The Future Problem with Enterprise Data Warehouses

A friend of mine with years of analytics and management experience at large companies wrote recently. He put his finger squarely on a real issue with enterprise data warehouses--they’re built to solve today’s problems (not tomorrow’s) and they’re designed for the needs of analysts that are more statisticians than experts about the business.

I wanted to provide some comments on the enterprise wide data warehouse and the challenges it presents at large corporations. Jim Novo certainly seems to support the roll up approach (I’m on his mailing list) but I agree with Juice that it is too slow, too costly, and results in restricted analytics the way most large companies build them. Most of the large data warehouses I’ve worked with only include data variables that are key to managing a business TODAY as the warehouses are too big and costly to store data variables with a low usage frequency. They also attempt to cleanse the data by classifying. This makes life easier for an analyst with statistical experience but a limited knowledge of the business. However you’re losing information. Problem: You do not know what will be important in the future. Distributed databases at a line of business or product level tend to store more raw data to manage and analyze the business. Sure, the amount of space used would be the same if you simply put the data into the warehouse but that is not the way decisions are made. Decision makers look at the frequency of use of the data variables (TODAY) and the cost to include them then decide which get deleted or excluded. Also, the analysts who are disconnected to the business lines do not understand the raw data.

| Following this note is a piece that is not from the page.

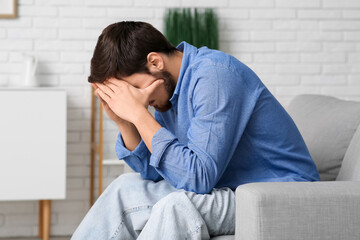 Fototapeta premium Tired young man sitting on couch at home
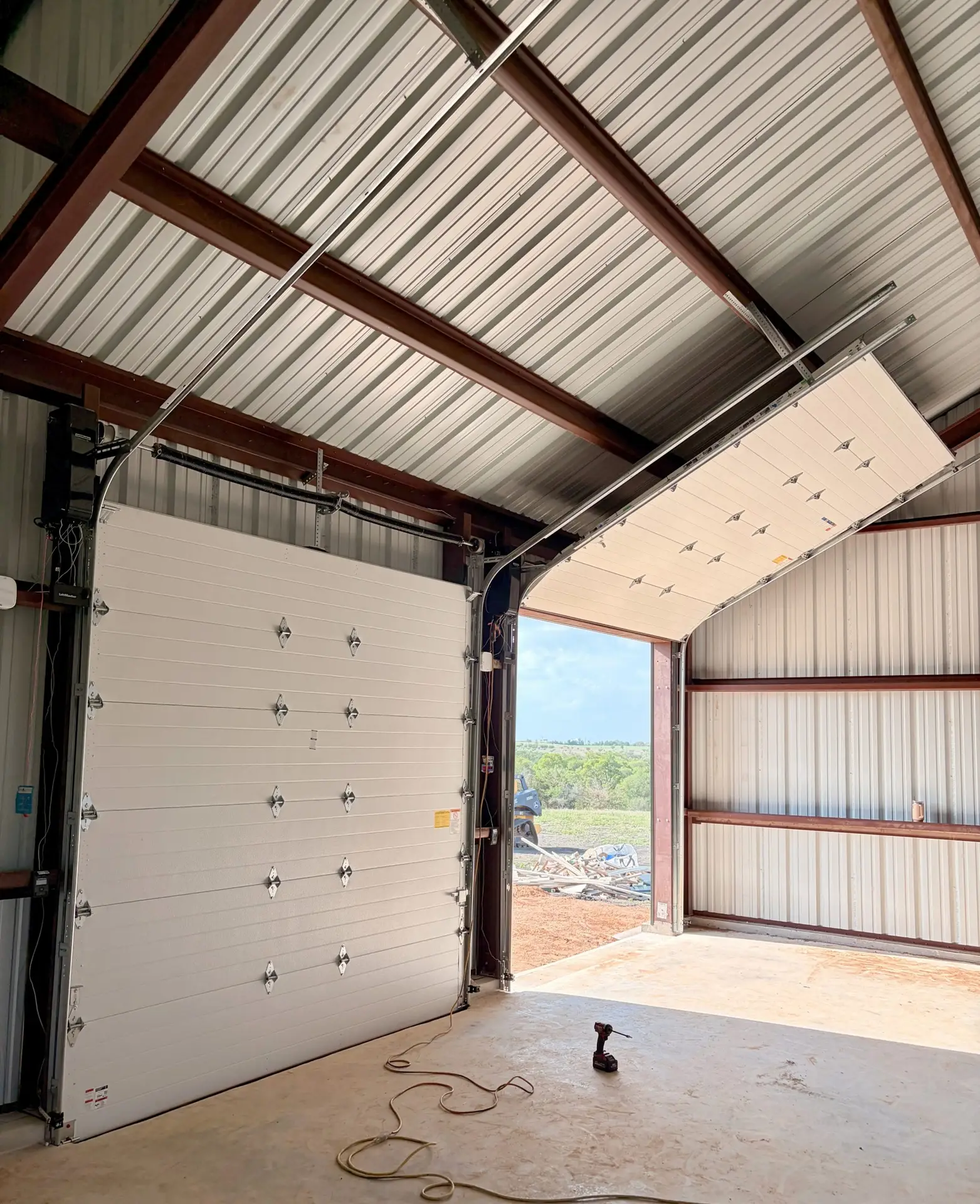 Commercial garage door tracks following roof pitch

Let me give you a real world example. Our data warehouse classifies claims into a limited number of claim reason categories. This might be considered a poor design but please see above about analysts that are disconnected from the business lines. When a new type of claim is developing, the person classifying the claims (claims rep) does not have a category to select so they just select what works best to fit into the pre-defined categories. Information is lost due to the restrictions of the allowed categories within the data warehouse. If the notations from the claims system would have been stored (an unforeseen variable) in the warehouse and text mining analytics were being done, a specific word would have been found associated with claims at an alarming rate. Identification of this word would have allowed for early recognition of the issue. It cost us a lot of money in claims due to the missing data but no one thought to include the notes due to the size and costs. Well, we have them now.